Bons tempos, dizem alguns (hoje o Nicola está sempre aberto), de quando Lisboa era um cemitério sem prazeres. Mas com as páginas iluminadas pelo grande Nuno Bragança podíamos ver os bordéis do Intendente onde a rapaziada ia «pescar pegas» e levá-las para os descampados do Cabo Ruivo. Ou divagarmos com o génio de José Cardoso Pires, que divagava com Pessoa ao balcão do Bar Americano, «às horas litúrgicas dos morning drinkers, alinhado ao balcão entre os clientes de pé» (Lisboa, Livro de Bordo).

E desse bar, no Cais do Sodré, sempre com livro do Cardoso Pires em punho, passávamos ao fronteiro, ao British Bar, onde os ponteiros do relógio de parede andam às arrecuas.

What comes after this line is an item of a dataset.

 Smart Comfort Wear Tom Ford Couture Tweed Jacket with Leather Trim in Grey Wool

Imaginativo até mais não, o escritor chama-lhe «relógio caranguejo», para despistar o seu real andar para trás, quando a marcha nem isso era, era para o lado, definindo a angústia dos seus cidadãos a viver na cidade paradinha de todo. Tão paradinha quanto, ainda hoje aos domingos, o Café Martinho que teve lá dentro Fernando Pessoa sentado.

Quem o quiser ver, abrigue-se sob as arcadas cheias de gente a passar, espreite pelos vidros das portas cerradas e adivinhe Pessoa, três dias antes de morrer, a tomar café com o Almada Negreiros que haveria de o pintar e voltar a pintar. No Martinho, que se chama assim por causa do Martinho Bartolomeu Rodrigues, o antigo dono que tinha cinco poços em Santo António da Neve, na Serra da Lousã, de onde os carros de bois traziam, chiando por 200 quilómetros, os blocos de gelo para os gelados do verão – há mais de século e meio. Hoje, numa manhã de domingo, depois de espreitar o café fechado, pode-se escolher uma dezena de gelatarias vizinhas. Lisboa, em cada esquina uma geladaria amiga.

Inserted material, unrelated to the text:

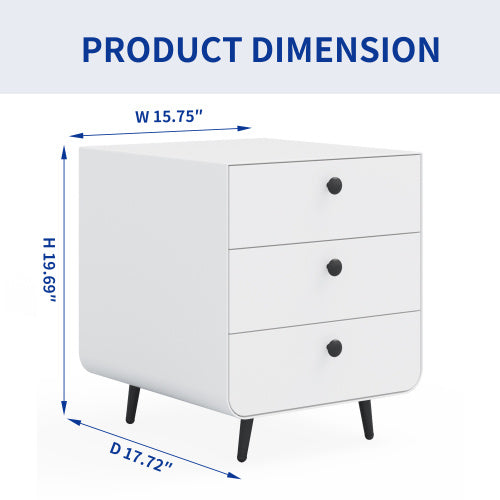Modern Night Stand Storage Cabinet For Living Room Bedroom, Steel Cabinet With 3 Drawers,Bedside Furniture, Circular Handle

Pelas portas fechadas (poucas) e as abertas (muitas ou, segundo alguns, demasiadas) dos seus cafés, podemos medir a discussão que vai para aí. Logo agora, chegados os santos de Junho que demoraram sempre a partir. É Lisboa mexida a mais? Demasiada gente? Muitos forasteiros para incómodo dos indígenas? «Arraial, arraial! Por El-Rei de Portugal», era o grito popular de entronização dos reis de Portugal, por vezes (por exemplo, com D. João I) contra a invasão dos estrangeiros. Hoje as hordas vindas de fora são pacíficas e proveitosas, e os arraiais e as marchas chamam por elas.

Lisboa discute-se e a discussão instala-se, impertinente, como o barulho das rodinhas de malas turistas sobre as pedras da calçada. «É demasiado!», diz-se como sempre pelo Natal, qualquer um, o comerciante, todos, se queixa à repórter da TV: «Este ano isto está muito malzinho…» É demasiado, diz-se dos turistas, ao mesmo tempo que se empocham as notas pelo aluguer dos quartos, pelo cone dos gelados (e bons como nunca foram, exceto no cantinho cascalense que era o Santini), pela cerveja a rodos, pela esperança de sairmos do «lixo» a que as agências de notação nos votaram. E, para já, um balanço: que bom Lisboa discutida! Que bem melhor do que antes, quando ela era só comentada pelos escritores.

De Lisboa requestada pelo mundo, tenho um sonho. Falta que o rio lhe (ao mundo) e nos (a Portugal) ensine aquele sermão do Padre António Vieira sobre o destino dos portugueses: «Para nascer, pouca terra; para morrer, toda a terra.» Até lá, ninguém me convence que são demasiados os que nos visitam. Encha-se o Tejo de histórias.